:: TASK TO COMPLETE ::
Each line below must be reproduced exactly, though the pictures are to be dropped.

————

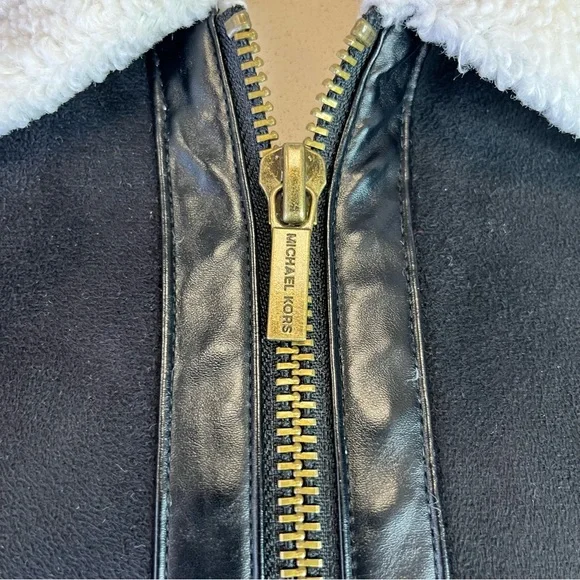NWOT Michael Michael Kors Black/Bone Aviator Jacket Faux Suede Sherpa Size XS - Picture 8 of 11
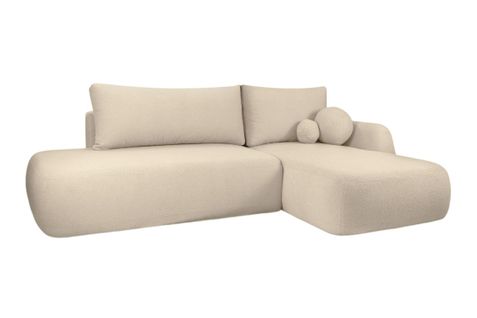 Canapé D'angle Convertible Fabio 5 Places En Tissu Bouclette - Angle Droit - Beige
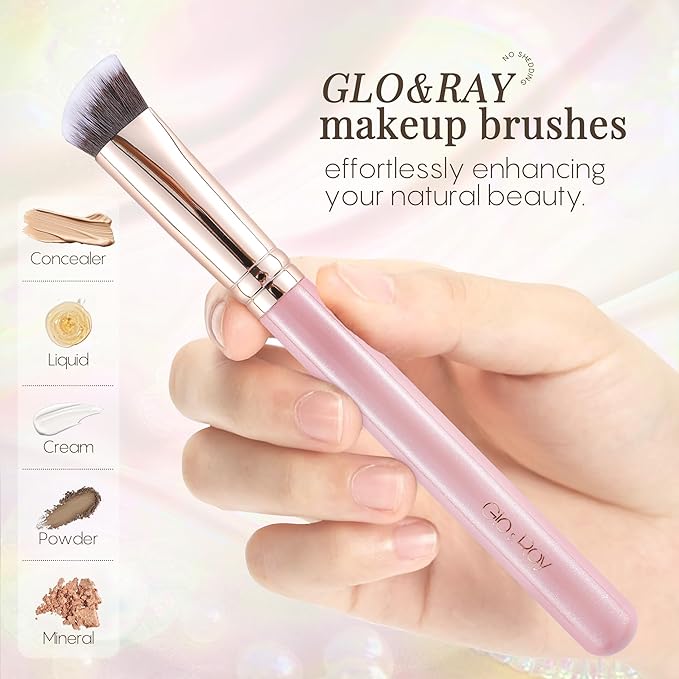 GLO&RAY Angled Concealer Brush with Cap – Flat Top Synthetic Makeup Brush for Under Eye, Spot Coverage, Travel Size Concealer Blending Tool for Liquid & Cream Application (Pink)-Velvo Beauty
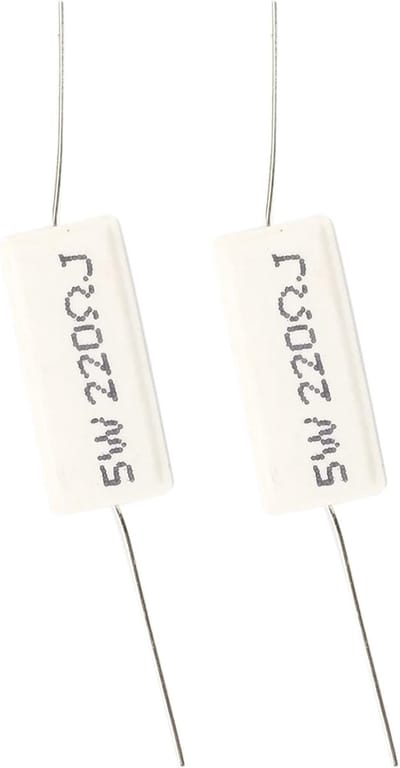 Keramische Weerstand - Cement Weerstand - Elektronica Reparatie - Hoge Warmteafvoer - 5W 220 Ohm - Wit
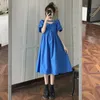 Casual Dresses Fashion Summer Dress for Women Yellow Mid-Längd Retro Puff Sleeves Liten midja tunn och färsk A-Line Maxi Dress 230323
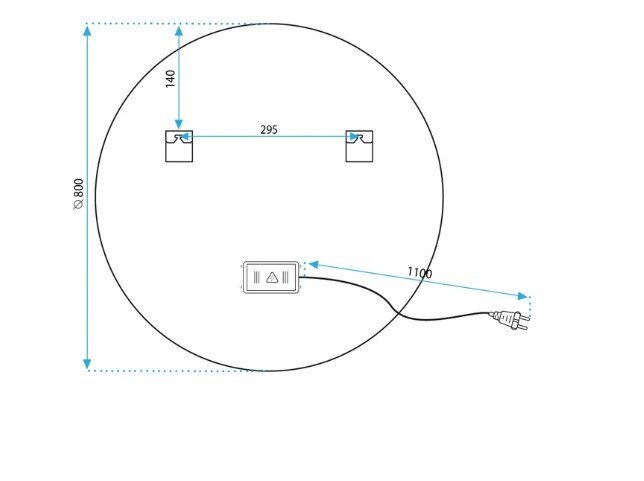 LED seinäpeili 80cm MMJ kulta hinta ja tiedot | Peilit | hobbyhall.fi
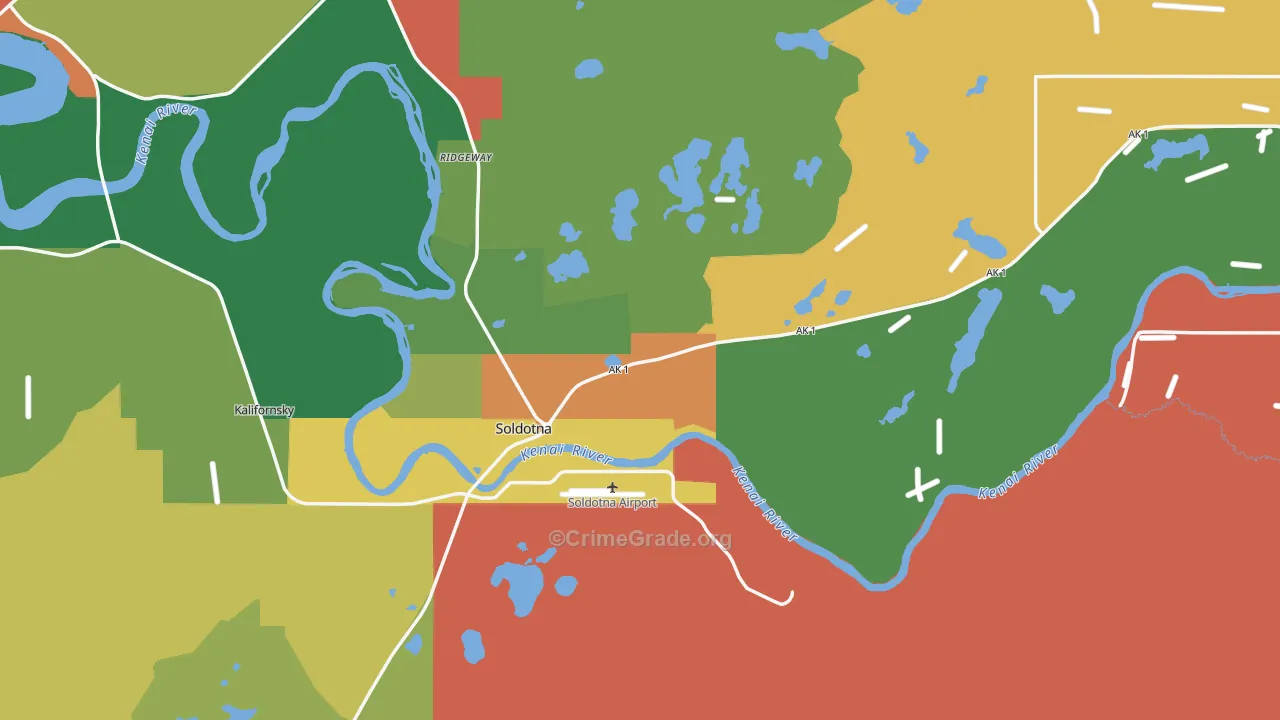 Soldotna, AK Map of Drug-Related Crime Rates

————

:: WRITTEN RESPONSE ::
NWOT Michael Michael Kors Black/Bone Aviator Jacket Faux Suede Sherpa Size XS - Picture 8 of 11
 Canapé D'angle Convertible Fabio 5 Places En Tissu Bouclette - Angle Droit - Beige
 GLO&RAY Angled Concealer Brush with Cap – Flat Top Synthetic Makeup Brush for Under Eye, Spot Coverage, Travel Size Concealer Blending Tool for Liquid & Cream Application (Pink)-Velvo Beauty
 Keramische Weerstand - Cement Weerstand - Elektronica Reparatie - Hoge Warmteafvoer - 5W 220 Ohm - Wit
 Casual Dresses Fashion Summer Dress for Women Yellow Mid-Längd Retro Puff Sleeves Liten midja tunn och färsk A-Line Maxi Dress 230323
 LED seinäpeili 80cm MMJ kulta hinta ja tiedot | Peilit | hobbyhall.fi
 Soldotna, AK Map of Drug-Related Crime Rates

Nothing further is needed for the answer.